§ Requirement: Pictures stay out of the copy. Retype exactly the lines below from the one with "OBI set di tappi" through the one with "Vertbaudet Schonbezug aus Molton weiß 90x200".

§ Supplied material:
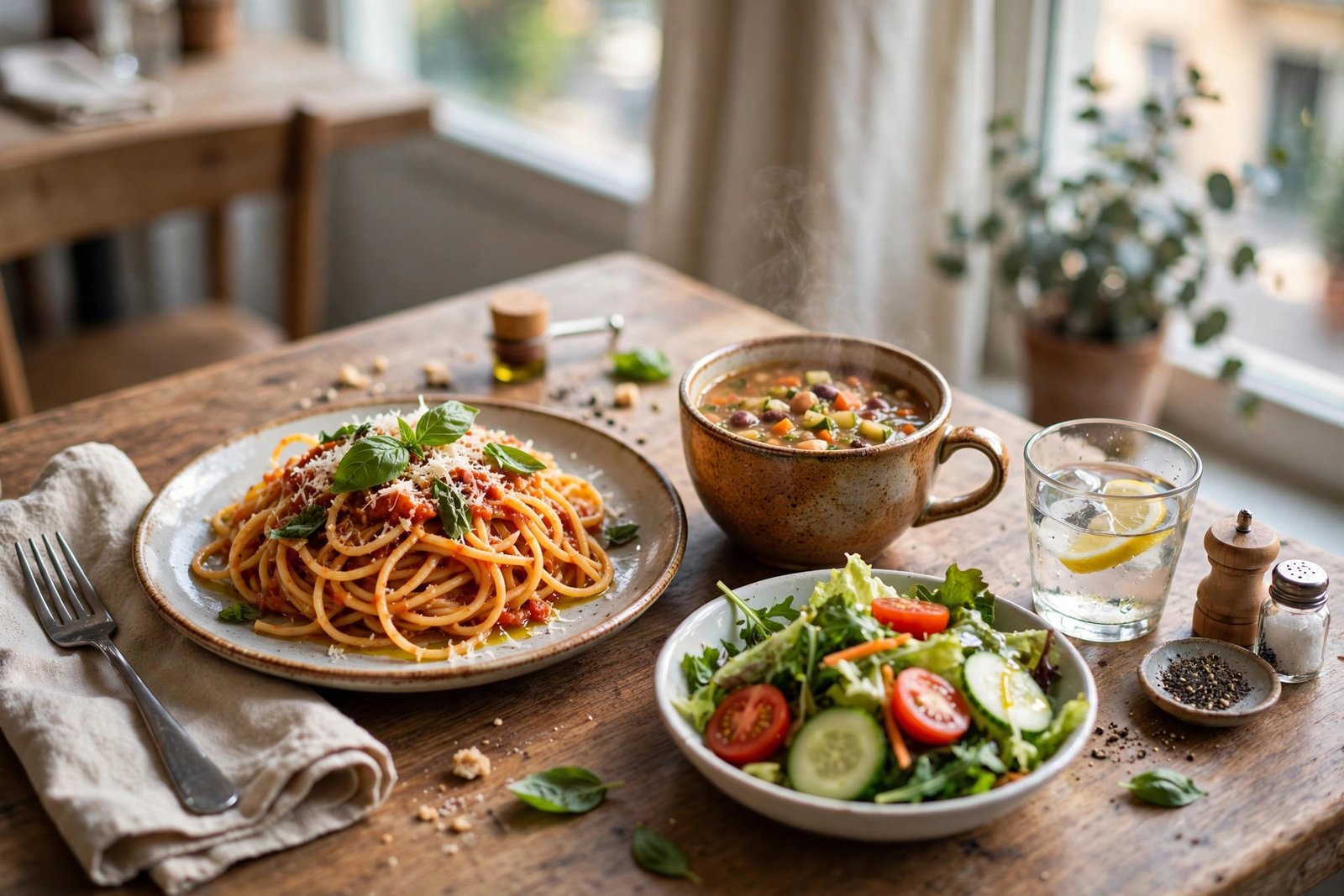 Does Carrabba's do senior discounts — affordable Italian lunch plate with soup and salad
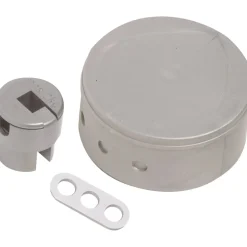 OBI set di tappi per ripartitore per punto luce Ø 70 mm argento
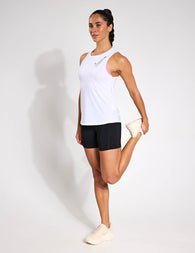 Nike One Swoosh Dri-FIT Running Tank Top - Whiteimage2- The Sports Edit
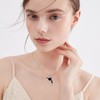 YFN Orca Killer Whale Necklace for Women Sterling Silver Orca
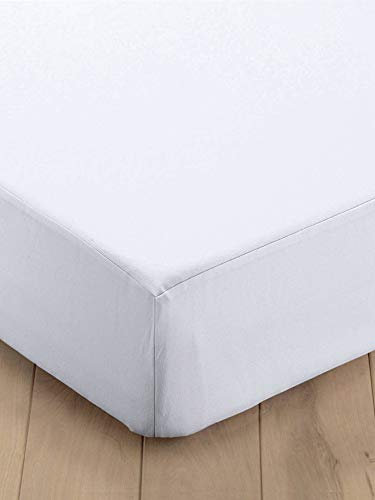 Vertbaudet Schonbezug aus Molton weiß 90x200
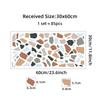 Wandaufkleber Terrazzo-Muster Unregelmäßige Steinform für Wohnzimmer Schlafzimmer Badezimmer Dekorative Wandtattoos Heimdekoration Wandbilder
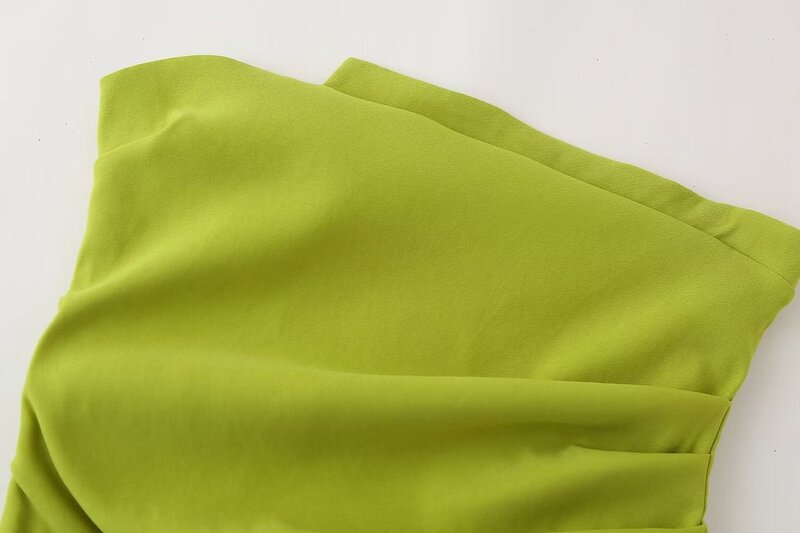 Camiseta de tubo sin tirantes con diseño plisado para mujer, chaleco Retro con espalda descubierta y cremallera, Top elegante, 2024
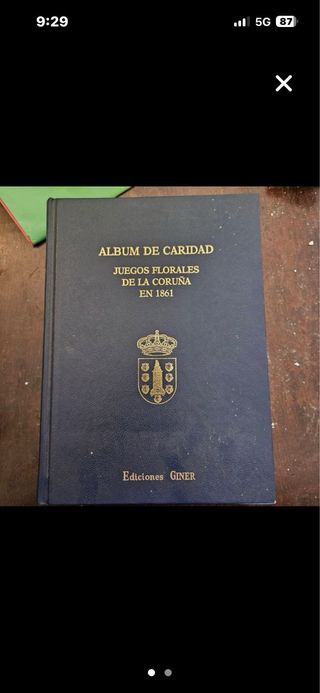 Álbum de Caridad Juegos Florales Coruña 1861
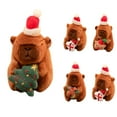 thumbnail image 1 of Christmas Capybara Plush Toy, 4.7" Capybara Stuffed Animal with Xmas Tree, Soft Cute Plushie, Perfect Christmas Gifts for Adults Friends, Ideal Christmas Decorations & Home Decor, 1 of 6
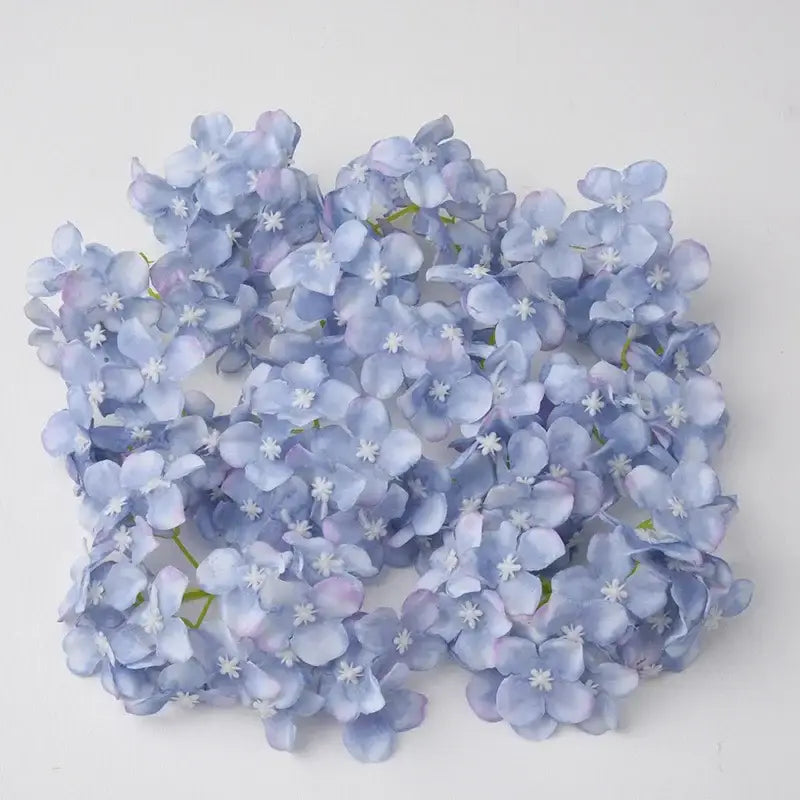 Silk Hydrangea Flower Set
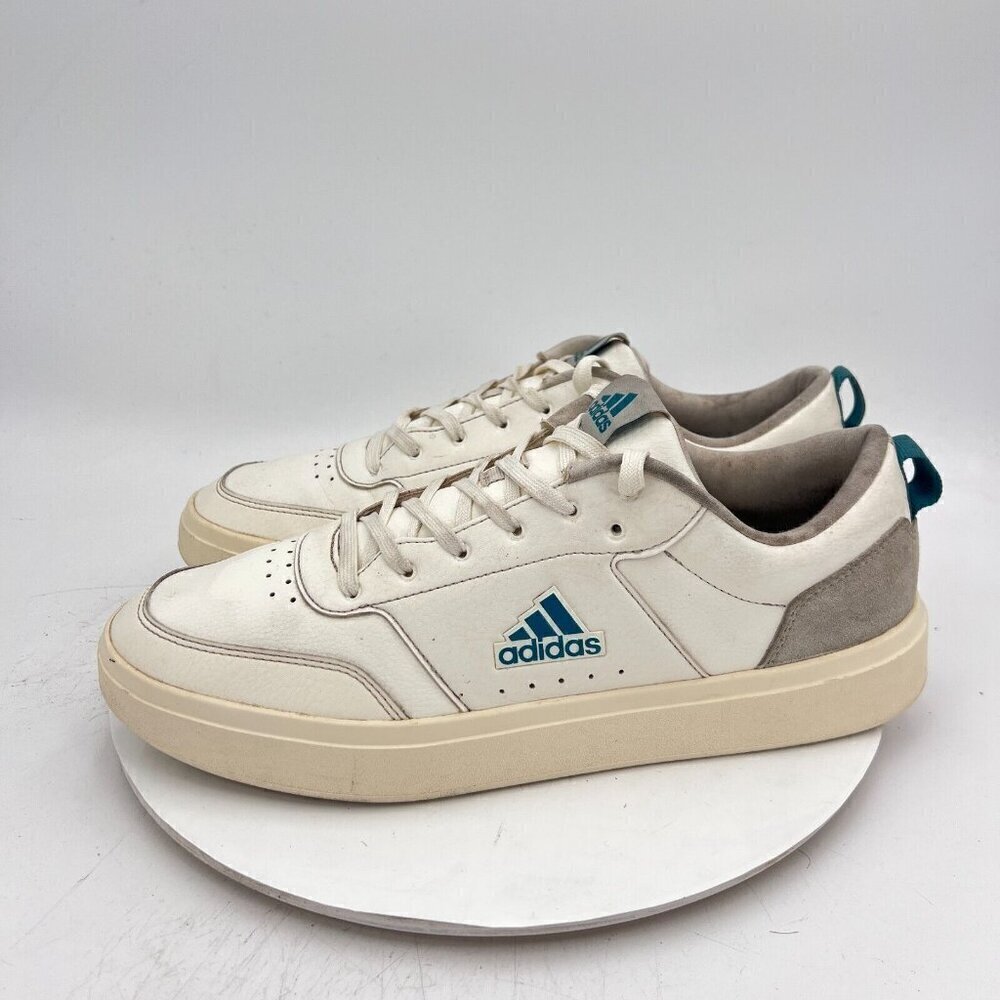 Adidas Park ST Men Size 13 ID5582 Off White Grey Suede Lace Up Training Shoes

§ Solution to the problem:
 OBI set di tappi per ripartitore per punto luce Ø 70 mm argento
 Nike One Swoosh Dri-FIT Running Tank Top - Whiteimage2- The Sports Edit
 YFN Orca Killer Whale Necklace for Women Sterling Silver Orca
 Vertbaudet Schonbezug aus Molton weiß 90x200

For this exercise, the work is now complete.